▶ Task
Quote all lines below exactly. Images stay out.

[Records from a data source]
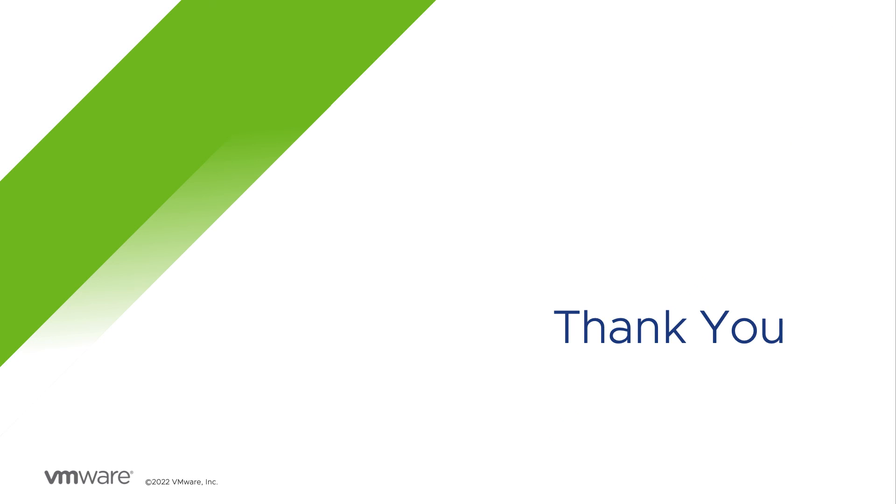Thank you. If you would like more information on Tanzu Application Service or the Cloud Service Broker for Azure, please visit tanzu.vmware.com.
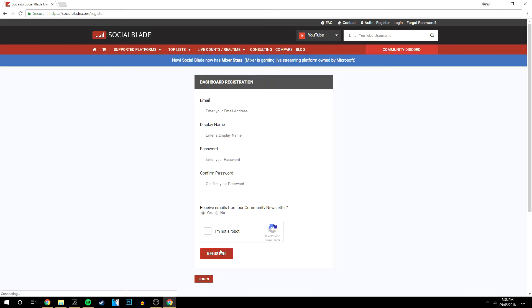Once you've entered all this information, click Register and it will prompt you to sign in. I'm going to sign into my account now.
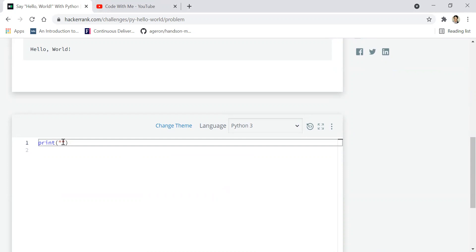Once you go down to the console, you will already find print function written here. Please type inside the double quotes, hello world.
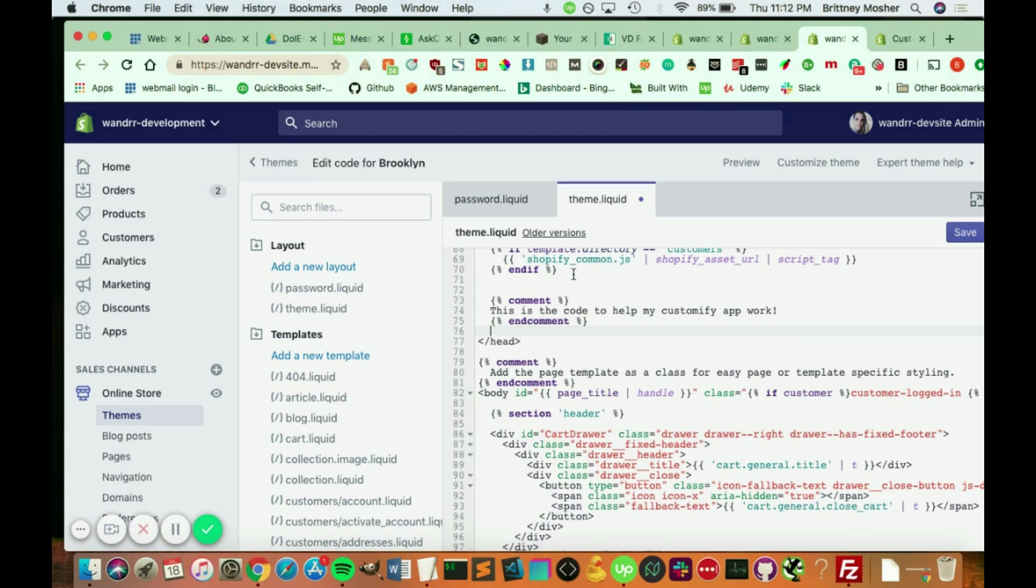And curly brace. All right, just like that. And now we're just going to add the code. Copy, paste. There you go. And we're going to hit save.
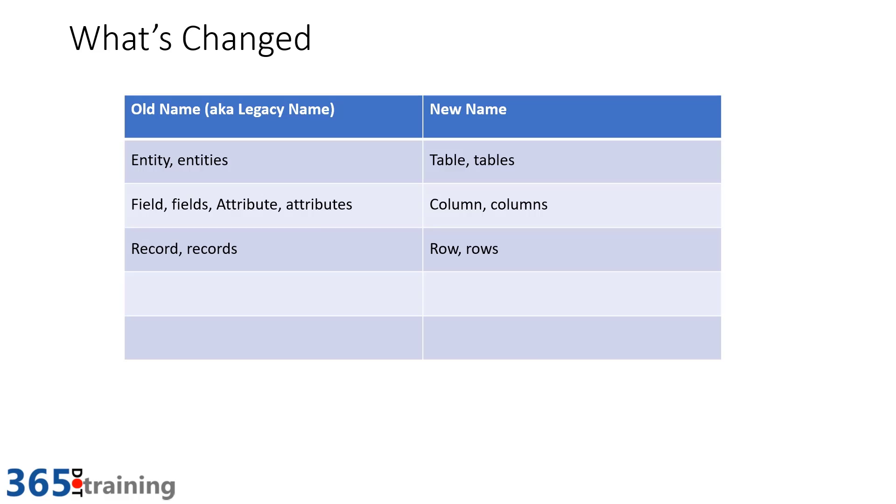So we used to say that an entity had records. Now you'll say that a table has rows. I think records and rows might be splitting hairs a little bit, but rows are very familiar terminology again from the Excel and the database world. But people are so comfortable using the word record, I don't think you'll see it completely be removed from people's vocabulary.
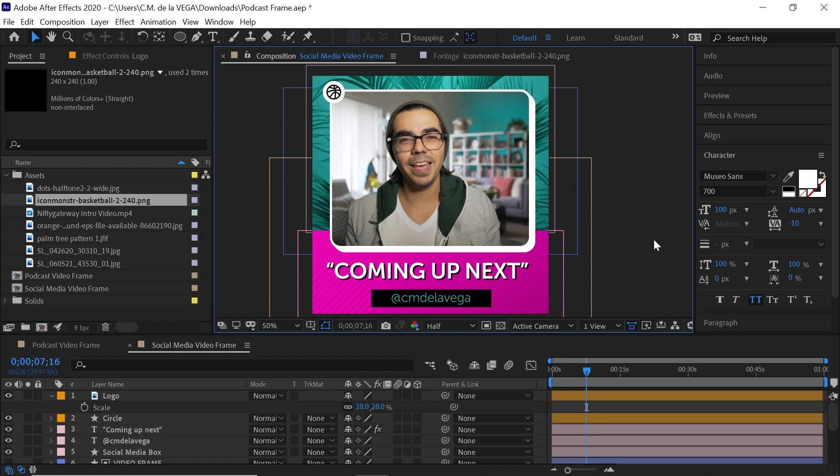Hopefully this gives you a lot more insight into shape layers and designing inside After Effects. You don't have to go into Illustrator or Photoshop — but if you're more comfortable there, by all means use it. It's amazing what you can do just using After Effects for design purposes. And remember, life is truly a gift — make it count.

▶ Output for this task
Thank you. If you would like more information on Tanzu Application Service or the Cloud Service Broker for Azure, please visit tanzu.vmware.com.
Once you've entered all this information, click Register and it will prompt you to sign in. I'm going to sign into my account now.
Once you go down to the console, you will already find print function written here. Please type inside the double quotes, hello world.
And curly brace. All right, just like that. And now we're just going to add the code. Copy, paste. There you go. And we're going to hit save.
So we used to say that an entity had records. Now you'll say that a table has rows. I think records and rows might be splitting hairs a little bit, but rows are very familiar terminology again from the Excel and the database world. But people are so comfortable using the word record, I don't think you'll see it completely be removed from people's vocabulary.
Hopefully this gives you a lot more insight into shape layers and designing inside After Effects. You don't have to go into Illustrator or Photoshop — but if you're more comfortable there, by all means use it. It's amazing what you can do just using After Effects for design purposes. And remember, life is truly a gift — make it count.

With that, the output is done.